New home starts rose slightly in April, a sign that demand is growing for newly built homes in a low-inventory market.
- Home starts rose 2.2% in April, but were still down 22.3% from a year ago.
- Newly constructed single-family homes rose 1.6% in April.
- A strong uptick in starts from the West offset regional declines elsewhere.
At 1.401 million private housing starts, all housing starts in April were up 2.2% from March, but still down 22.3% from April 2022.
New single-family home starts totaled 846,000 in April, an increase of 1.6% from the previous month. Meanwhile, privately owned building starts of five or more units rose 5.2% in April to 542,000 units, albeit down 11.7% year over year.
Housing construction, which has been authorized but not yet started, also increased in April. Single-family units that were permitted but not yet started increased 4.5% in April from the previous month, but were still down 7.9% from a year ago.
Between 2012 and 2022, the U.S. needed about 6.5 million single-family homes, a recent Realtor.com analysis found. The rate of household formation is quickly outpacing the number of newly constructed single-family homes on the market, making it difficult for potential home buyers looking to buy.
With home prices elevated, mortgage rates high and inventory low, buyers are turning to newly constructed homes. The uptick in new home construction also matched an increase in the National Association of Home Builders’ builder confidence data, which reflects builders’ sentiment on new home sales, released yesterday.

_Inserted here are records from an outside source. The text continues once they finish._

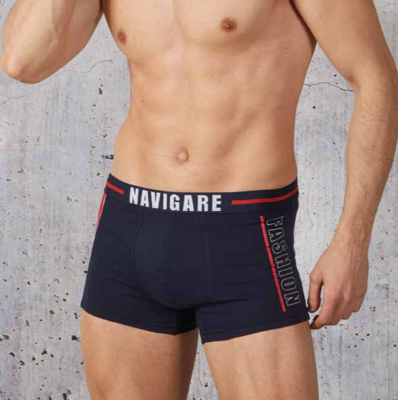 BOXER UOMO B21057Z Ingrosso NAVIGARE Tellini S.r.l.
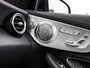 Mercedes-Benz C-klasse Cabrio C43 AMG 367PK Speedshift 4MATIC Burmester Airscarf Sportuitlaat Memory LED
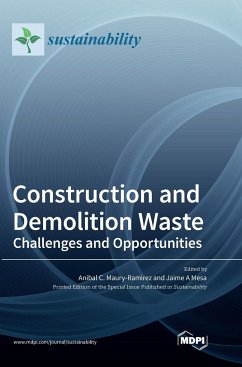 Construction and Demolition Waste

However, the strength in housing starts is not universal. Strong gains in some regions helped offset big losses in other areas of the country. Single-family home starts in the Northeast fell 10.3 percent in April, while in the South they fell 6.1 percent. In the Midwest, new construction single-family homes were down 20.5% during the month. The West was the only region to post monthly gains in new single-family home construction with a 59.5% increase.